Bu hükümet ırkçı politikasını her geçen gün daha da yoğunlaştırıyor. Bütün bunlar, gençlerin yaşadıkları mahallelerde her an keyfi polis şiddeti ile karşılaşmaları ve son aşamada 17 yaşındaki bir gencin basit bir trafik kontrolüne itaat etmemesi sonucu öldürülmesi bardağı taşıran son damla oldu.

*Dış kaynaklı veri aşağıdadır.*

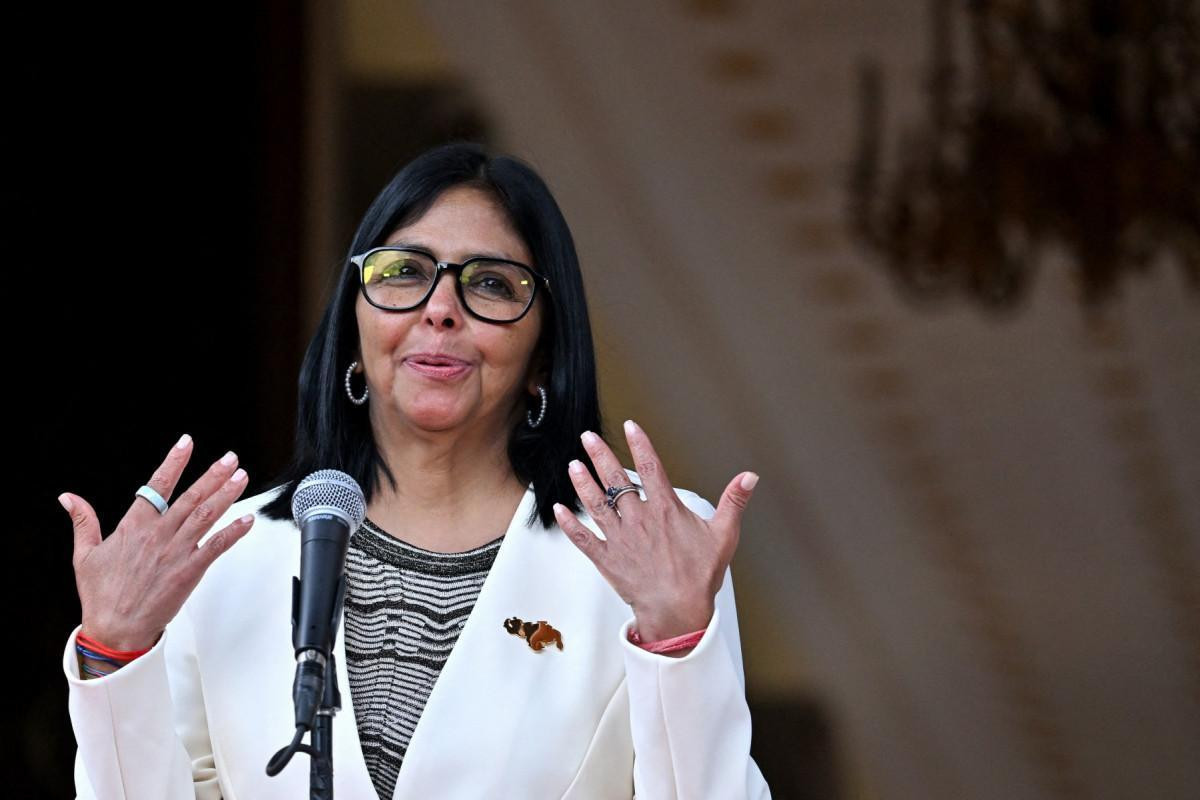 Delcy Rodríguez assumiu o governo em janeiro, após a deposição de Nicolás Maduro em uma operação dos EUA/Foto: Juan Barreto/ AFP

Sonuç olarak bu ayaklanma gençlerin önderliğinde gerçekleşen ve bu sefer genç kadınların da yoğun olarak katıldığı bir halk ayaklanmasıdır. Kendiliğinden gelişen, örgütlü olmayan bir ayaklanmadır. Gençlerin yoğun olarak devlet binalarına karşı saldırı ve yıkımı örgütsüz işçilerin fabrikada iş makinalarını kırmasına benziyor. Sekiz günlük ayaklanmada Fransız medyasında sürekli bir şekilde yangın ve yıkımlar üzerine haberler yapıldı. 23.878 sokak yangını, 12.031 araba yangını, 2.508 bina hasarı olarak bir bilanço verdiler. Toplam 553 bölgede irili ufaklı ayaklanma, eylem gerçekleşti. Şimdi hükümet, gençleri nasıl bir şekilde cezalandırılacaklarının hesabını yapıyor.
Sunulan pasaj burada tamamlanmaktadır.